Guide

What are royalties in business? Types, tax and payments

Learn what royalties are, how they can boost your revenue, and how to set rates and track payments with less admin.

A small business owner calculating royalties

Written by Shaun Quarton—Accounting & Finance Content Writer and Growth Marketer. Read Shaun's full bio

Published Friday 20 February 2026

Table of contents

Key takeaways

  • Negotiate royalty agreements carefully by including performance-based termination clauses, defining geographic and usage scope clearly, and specifying exclusivity terms to protect your interests whether you're paying or receiving royalties.
  • Choose the right payment structure for your situation by selecting between percentage of revenue (like 5% of gross sales), fixed fee per unit, or usage-based payments depending on your business model and cash flow needs.
  • Maintain detailed records of all royalty transactions and consult tax professionals for compliance, as royalties you receive count as taxable income while royalties you pay are typically tax-deductible business expenses.
  • Include audit provisions in your royalty agreements to verify payment accuracy, with clauses requiring the licensee to reimburse audit costs if significant payment discrepancies are discovered.

What are royalties?

Royalties are payments made to an asset owner for the right to use that asset. The owner who receives payment is called the licensor, while the party paying for usage rights is the licensee.

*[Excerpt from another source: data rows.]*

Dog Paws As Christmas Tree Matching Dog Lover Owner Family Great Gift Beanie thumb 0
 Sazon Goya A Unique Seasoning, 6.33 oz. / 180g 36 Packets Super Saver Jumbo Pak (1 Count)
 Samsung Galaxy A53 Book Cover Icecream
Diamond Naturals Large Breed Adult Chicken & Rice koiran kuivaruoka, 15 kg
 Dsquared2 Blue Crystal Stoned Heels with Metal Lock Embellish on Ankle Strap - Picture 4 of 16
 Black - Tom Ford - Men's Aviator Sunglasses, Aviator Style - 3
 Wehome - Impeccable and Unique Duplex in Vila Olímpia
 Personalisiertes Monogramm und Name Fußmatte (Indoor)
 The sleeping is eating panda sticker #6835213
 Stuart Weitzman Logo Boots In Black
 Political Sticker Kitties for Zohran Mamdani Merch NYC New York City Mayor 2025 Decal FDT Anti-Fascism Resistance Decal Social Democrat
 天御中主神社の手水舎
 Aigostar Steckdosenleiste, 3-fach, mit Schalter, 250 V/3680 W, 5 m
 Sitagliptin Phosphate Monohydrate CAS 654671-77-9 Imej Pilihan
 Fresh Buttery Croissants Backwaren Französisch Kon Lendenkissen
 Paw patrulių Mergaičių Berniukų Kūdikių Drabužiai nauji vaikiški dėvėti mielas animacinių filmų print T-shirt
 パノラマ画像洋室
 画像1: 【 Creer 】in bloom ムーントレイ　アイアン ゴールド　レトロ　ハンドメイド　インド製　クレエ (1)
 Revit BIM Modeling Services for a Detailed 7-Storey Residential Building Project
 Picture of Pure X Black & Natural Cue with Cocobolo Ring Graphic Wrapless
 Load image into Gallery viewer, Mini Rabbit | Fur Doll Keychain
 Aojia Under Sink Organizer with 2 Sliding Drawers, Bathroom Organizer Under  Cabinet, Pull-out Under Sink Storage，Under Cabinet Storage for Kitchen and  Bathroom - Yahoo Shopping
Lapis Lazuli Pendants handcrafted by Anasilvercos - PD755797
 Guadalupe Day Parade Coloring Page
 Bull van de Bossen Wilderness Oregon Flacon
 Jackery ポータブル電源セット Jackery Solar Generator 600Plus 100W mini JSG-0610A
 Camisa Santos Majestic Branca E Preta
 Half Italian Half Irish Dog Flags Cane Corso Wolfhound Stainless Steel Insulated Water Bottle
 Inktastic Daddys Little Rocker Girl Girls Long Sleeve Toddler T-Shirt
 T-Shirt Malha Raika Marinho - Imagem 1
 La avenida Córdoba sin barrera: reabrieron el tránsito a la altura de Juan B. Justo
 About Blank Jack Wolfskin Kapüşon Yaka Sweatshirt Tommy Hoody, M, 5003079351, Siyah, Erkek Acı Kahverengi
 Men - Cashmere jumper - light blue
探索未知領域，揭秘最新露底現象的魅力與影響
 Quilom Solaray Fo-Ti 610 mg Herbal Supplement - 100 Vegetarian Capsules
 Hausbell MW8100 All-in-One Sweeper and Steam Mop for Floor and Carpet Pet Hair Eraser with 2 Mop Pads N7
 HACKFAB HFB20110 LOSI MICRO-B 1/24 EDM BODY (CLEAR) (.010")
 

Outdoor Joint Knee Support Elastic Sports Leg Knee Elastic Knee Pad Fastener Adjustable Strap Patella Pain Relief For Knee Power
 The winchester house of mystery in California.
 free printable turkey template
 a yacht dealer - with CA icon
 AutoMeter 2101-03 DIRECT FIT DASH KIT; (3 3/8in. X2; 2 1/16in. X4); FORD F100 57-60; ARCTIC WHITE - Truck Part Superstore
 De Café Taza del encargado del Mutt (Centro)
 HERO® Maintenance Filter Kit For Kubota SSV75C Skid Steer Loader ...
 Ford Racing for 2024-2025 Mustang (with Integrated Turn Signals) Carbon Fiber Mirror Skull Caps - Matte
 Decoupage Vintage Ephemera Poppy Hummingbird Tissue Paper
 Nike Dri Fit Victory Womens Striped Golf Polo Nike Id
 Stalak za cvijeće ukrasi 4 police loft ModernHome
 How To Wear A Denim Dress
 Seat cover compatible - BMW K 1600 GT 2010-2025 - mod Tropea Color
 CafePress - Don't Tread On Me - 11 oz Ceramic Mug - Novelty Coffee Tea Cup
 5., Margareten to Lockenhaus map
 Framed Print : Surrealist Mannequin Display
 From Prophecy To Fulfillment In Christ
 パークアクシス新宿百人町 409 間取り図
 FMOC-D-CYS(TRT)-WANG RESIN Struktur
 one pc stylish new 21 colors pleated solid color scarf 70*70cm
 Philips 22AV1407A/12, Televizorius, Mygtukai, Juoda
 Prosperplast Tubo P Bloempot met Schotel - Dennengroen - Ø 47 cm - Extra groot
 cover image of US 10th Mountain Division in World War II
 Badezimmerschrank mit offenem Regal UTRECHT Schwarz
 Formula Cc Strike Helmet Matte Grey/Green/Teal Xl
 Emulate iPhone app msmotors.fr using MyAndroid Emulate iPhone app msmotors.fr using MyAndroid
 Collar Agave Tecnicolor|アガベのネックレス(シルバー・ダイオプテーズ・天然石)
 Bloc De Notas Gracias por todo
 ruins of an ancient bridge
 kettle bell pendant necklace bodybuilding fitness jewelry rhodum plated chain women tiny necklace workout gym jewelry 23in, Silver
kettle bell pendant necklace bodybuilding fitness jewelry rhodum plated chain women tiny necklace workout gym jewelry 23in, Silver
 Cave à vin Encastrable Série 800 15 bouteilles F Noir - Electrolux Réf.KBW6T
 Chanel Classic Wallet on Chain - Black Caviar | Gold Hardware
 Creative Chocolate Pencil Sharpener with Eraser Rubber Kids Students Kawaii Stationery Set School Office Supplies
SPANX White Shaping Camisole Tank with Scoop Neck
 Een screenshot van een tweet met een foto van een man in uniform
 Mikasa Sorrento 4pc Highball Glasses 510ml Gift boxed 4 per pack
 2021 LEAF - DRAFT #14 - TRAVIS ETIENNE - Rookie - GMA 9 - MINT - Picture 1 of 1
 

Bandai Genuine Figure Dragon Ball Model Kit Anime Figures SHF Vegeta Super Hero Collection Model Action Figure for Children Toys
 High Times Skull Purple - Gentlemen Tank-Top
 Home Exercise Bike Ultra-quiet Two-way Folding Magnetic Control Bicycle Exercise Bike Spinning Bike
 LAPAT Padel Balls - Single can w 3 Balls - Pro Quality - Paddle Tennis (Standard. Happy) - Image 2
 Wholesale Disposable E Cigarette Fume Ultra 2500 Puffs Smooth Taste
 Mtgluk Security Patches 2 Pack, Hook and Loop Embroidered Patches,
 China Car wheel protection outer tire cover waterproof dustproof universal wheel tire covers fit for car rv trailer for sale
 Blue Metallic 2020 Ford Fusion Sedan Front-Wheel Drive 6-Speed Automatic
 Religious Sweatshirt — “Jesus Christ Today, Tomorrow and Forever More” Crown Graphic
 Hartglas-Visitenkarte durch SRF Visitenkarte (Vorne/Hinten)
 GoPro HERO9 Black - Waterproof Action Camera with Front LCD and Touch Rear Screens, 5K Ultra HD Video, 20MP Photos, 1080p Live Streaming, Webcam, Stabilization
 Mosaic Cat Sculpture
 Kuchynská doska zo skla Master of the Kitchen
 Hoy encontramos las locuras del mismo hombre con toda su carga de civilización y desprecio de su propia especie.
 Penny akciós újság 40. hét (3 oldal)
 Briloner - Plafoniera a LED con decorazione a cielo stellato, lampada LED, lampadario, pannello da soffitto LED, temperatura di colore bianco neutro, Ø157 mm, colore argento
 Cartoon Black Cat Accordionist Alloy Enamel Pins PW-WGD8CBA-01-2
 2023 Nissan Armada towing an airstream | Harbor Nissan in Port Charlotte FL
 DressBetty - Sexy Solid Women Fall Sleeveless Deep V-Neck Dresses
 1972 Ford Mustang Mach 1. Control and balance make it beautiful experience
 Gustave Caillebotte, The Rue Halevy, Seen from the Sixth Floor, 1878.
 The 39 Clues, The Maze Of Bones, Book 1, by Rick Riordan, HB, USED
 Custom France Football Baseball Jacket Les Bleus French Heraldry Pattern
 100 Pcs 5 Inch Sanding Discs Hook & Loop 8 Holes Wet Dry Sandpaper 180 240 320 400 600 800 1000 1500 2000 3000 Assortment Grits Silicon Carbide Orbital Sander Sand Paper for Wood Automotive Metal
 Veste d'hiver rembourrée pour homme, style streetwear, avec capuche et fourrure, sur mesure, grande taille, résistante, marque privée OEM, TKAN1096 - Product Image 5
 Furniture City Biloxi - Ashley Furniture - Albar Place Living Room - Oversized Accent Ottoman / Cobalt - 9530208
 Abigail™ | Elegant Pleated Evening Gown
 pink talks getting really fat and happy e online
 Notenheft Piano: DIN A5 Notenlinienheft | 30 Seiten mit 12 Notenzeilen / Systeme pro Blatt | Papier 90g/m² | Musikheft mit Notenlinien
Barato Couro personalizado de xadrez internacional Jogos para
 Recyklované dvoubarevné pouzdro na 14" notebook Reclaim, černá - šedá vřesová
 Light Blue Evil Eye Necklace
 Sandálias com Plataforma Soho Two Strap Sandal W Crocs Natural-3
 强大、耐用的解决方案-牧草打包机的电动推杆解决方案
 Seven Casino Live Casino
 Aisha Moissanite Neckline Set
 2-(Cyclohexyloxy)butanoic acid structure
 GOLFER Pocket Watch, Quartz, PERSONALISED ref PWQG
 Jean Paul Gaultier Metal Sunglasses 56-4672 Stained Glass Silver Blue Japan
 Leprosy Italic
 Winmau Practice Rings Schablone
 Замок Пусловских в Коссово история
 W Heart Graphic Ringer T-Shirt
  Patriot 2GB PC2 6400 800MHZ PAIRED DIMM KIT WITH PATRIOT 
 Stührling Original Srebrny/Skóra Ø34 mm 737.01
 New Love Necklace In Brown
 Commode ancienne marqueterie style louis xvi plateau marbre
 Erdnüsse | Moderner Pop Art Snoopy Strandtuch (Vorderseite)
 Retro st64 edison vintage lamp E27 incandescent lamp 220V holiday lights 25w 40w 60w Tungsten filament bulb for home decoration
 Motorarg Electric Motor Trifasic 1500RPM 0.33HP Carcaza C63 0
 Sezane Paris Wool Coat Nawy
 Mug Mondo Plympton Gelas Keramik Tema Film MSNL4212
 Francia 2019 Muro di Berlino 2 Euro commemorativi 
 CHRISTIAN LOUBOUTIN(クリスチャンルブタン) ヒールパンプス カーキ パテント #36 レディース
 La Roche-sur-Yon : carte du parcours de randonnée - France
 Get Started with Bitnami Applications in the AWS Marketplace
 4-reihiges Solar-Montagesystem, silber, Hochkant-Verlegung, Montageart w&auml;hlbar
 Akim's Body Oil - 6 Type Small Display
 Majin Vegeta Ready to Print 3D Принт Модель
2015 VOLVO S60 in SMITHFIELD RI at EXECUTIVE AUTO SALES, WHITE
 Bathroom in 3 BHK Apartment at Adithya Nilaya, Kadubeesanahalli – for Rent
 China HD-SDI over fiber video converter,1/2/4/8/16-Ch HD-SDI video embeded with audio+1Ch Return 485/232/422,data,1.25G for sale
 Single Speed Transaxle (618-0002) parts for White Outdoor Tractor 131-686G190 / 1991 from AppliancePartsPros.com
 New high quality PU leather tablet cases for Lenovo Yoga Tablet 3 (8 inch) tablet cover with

These payments typically take one of two forms:

  • Percentage of revenue: A share of earnings generated from the asset
  • Fixed fee per unit: A set amount for each unit sold or used

Royalty agreements are common in industries like music, publishing, and technology where products are intangible rather than physical. The global franchise market was valued at over $121 billion in 2023 and is projected to more than double by 2032.

How do royalties work?

Royalty payments flow from the licensee (the party using the asset) to the licensor (the asset owner) based on terms set in a licensing agreement. The agreement specifies how much is owed, when payments are due, and how usage is tracked.

Here's a simple example: a franchisee agrees to pay 5% of gross revenue to the franchisor. If the franchisee earns $100,000 in sales, they owe $5,000 in royalties.

The basic process works like this:

  1. Agreement: Both parties negotiate and sign a licensing contract
  2. Usage: The licensee uses the asset to generate revenue
  3. Tracking: The licensee records sales or usage data
  4. Payment: The licensee calculates and pays royalties on the agreed schedule

Payment schedules vary by agreement. Some royalties are paid monthly, others quarterly or annually.

Types of royalty payments

Royalty payments fall into three main categories: franchise royalties, intellectual property royalties, and licensing royalties for creative works. The type you'll encounter depends on the asset involved and your business model.

Franchise royalties

Franchise royalties are payments franchisees make to use a franchisor's business model, branding, and operational systems.

Most franchisees pay a percentage of revenue. In the quick-service restaurant sector, for instance, these fees typically range from 4% to 8% of gross sales. So, a franchisee earning $100,000 in sales at a 5% royalty rate would pay $5,000 to the franchisor. Some agreements use flat fees instead.

The franchise model is common in fast food: 93% of McDonald's restaurants are franchised.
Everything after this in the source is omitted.